━━━ Collected data ━━━
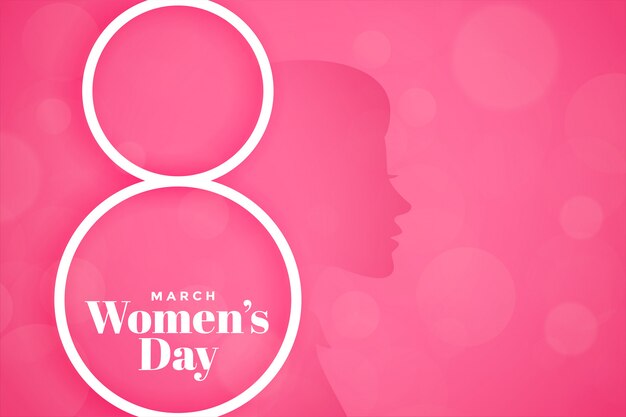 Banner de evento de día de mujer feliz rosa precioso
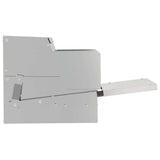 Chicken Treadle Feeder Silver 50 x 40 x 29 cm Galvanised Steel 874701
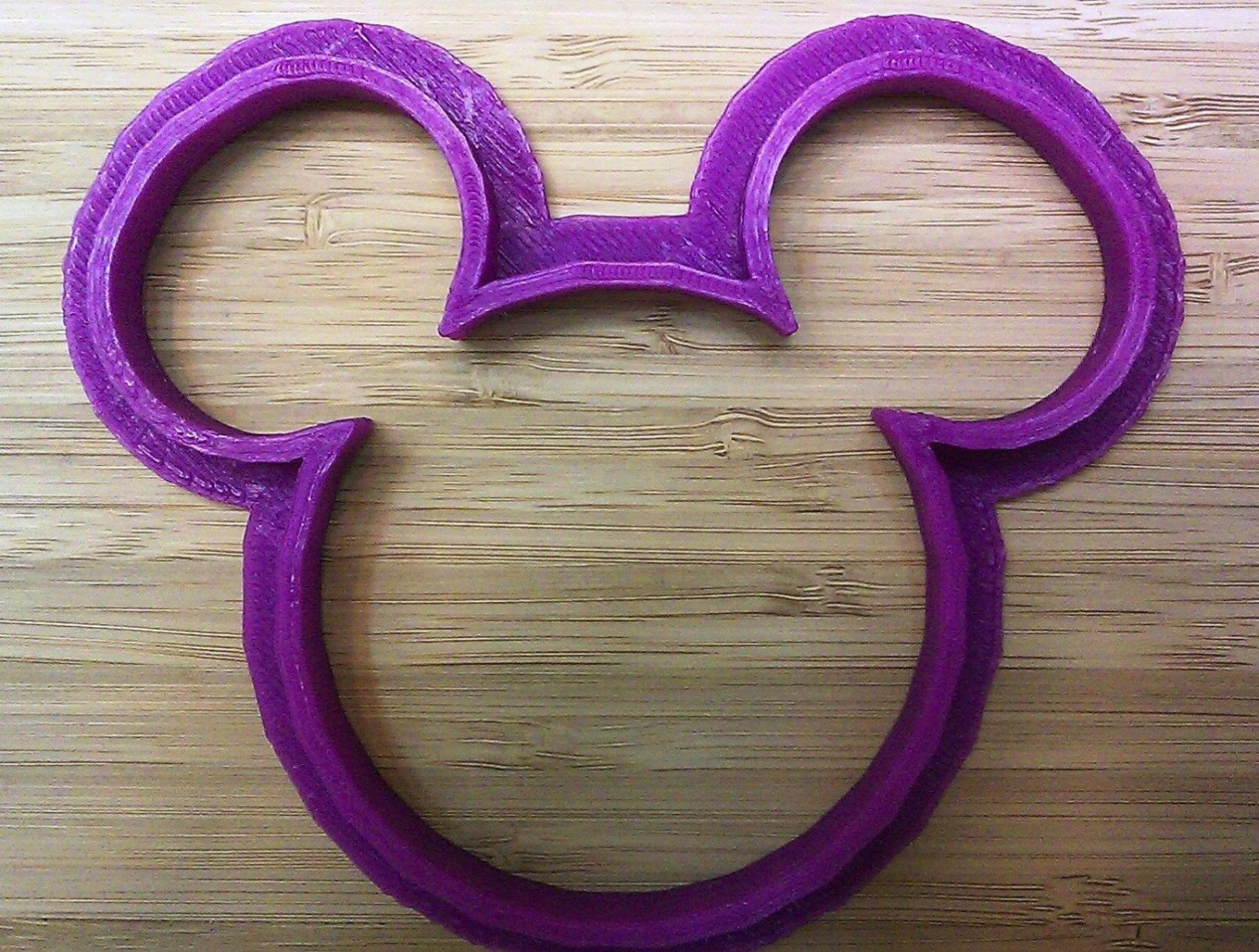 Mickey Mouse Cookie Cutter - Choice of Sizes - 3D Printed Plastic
━━━
* _Task statement_: Beginning with the line containing "Chicken Treadle Feeder" and ending with the last line of the data above, repeat each line exactly. Include no pictures and no other lines.

* _Expected output_:
 Chicken Treadle Feeder Silver 50 x 40 x 29 cm Galvanised Steel 874701
 Mickey Mouse Cookie Cutter - Choice of Sizes - 3D Printed Plastic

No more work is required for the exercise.